• **DATASET**
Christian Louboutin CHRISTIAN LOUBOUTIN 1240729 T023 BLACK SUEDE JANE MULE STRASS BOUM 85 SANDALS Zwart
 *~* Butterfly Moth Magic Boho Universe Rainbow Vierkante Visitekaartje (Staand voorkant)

---

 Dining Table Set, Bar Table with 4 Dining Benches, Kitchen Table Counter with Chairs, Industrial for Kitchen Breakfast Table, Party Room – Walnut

...

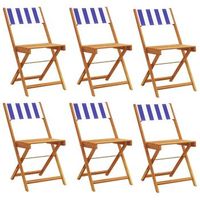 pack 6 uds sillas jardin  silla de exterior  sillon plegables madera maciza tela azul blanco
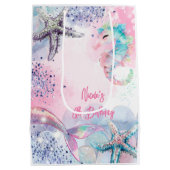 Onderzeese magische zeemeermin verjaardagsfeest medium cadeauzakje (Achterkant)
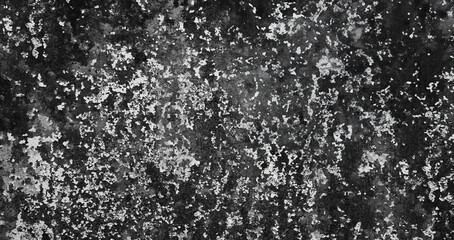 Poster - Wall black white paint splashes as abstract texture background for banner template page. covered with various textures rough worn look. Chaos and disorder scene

• **YOUR GOAL**
Although the records above contain pictures, the copy should not; retype exactly the lines from the one containing "Onderzeese magische zeemeermin" through the one containing "Poster - Wall".

• **PROBLEM SOLUTION**
 Onderzeese magische zeemeermin verjaardagsfeest medium cadeauzakje (Achterkant)
 Poster - Wall black white paint splashes as abstract texture background for banner template page. covered with various textures rough worn look. Chaos and disorder scene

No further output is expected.